Work item >> Restate word for word the lines from the one bearing "Mason Jars Cups, Drinking Glasses" through the end of the entries below, and leave every picture out.

══════

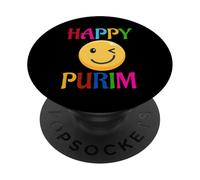 Happy Purim Costume Funny Jewish Face Mask PopSockets PopGrip Adhésif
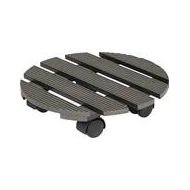 Practo Garden Support Roulant - Rond - 30cm - 60kg - WPC - Gris - Marque Practo Garden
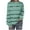 Mint Green, variant on Frostluinai Oversized Striped Shirts Women Long Sleeve Crew Neck Comzy T Shirts Casual Drop Shoulder Pullover Tops Loose Fit Blouses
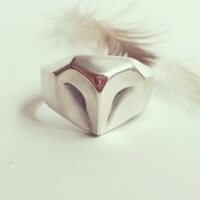 Barn Owl Ring in silver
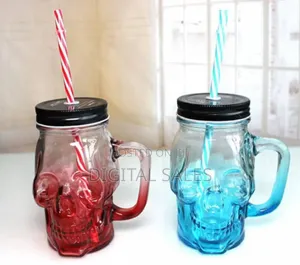 Mason Jars Cups, Drinking Glasses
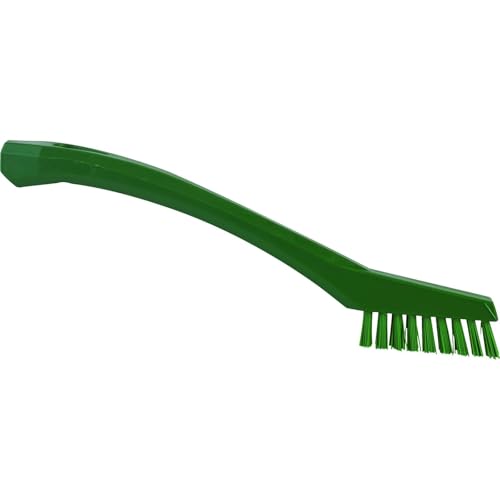 Image of Vikan 44012 Brush,Detail,Stiff,9 inch x .5 inch,PP /PBT,Green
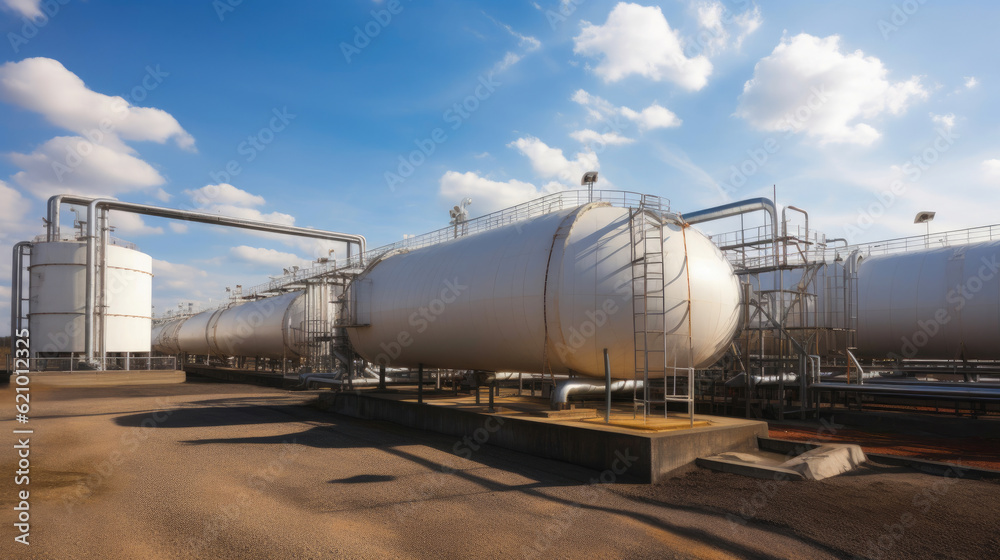 Hydrogen Gas Storage Facility for Renewable Energy. Generative AI Hydrogen Gas Storage Facility for Renewable Energy. Generative AI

══════

Answer box >>
 Mason Jars Cups, Drinking Glasses
 Image of Vikan 44012 Brush,Detail,Stiff,9 inch x .5 inch,PP /PBT,Green
 Hydrogen Gas Storage Facility for Renewable Energy. Generative AI Hydrogen Gas Storage Facility for Renewable Energy. Generative AI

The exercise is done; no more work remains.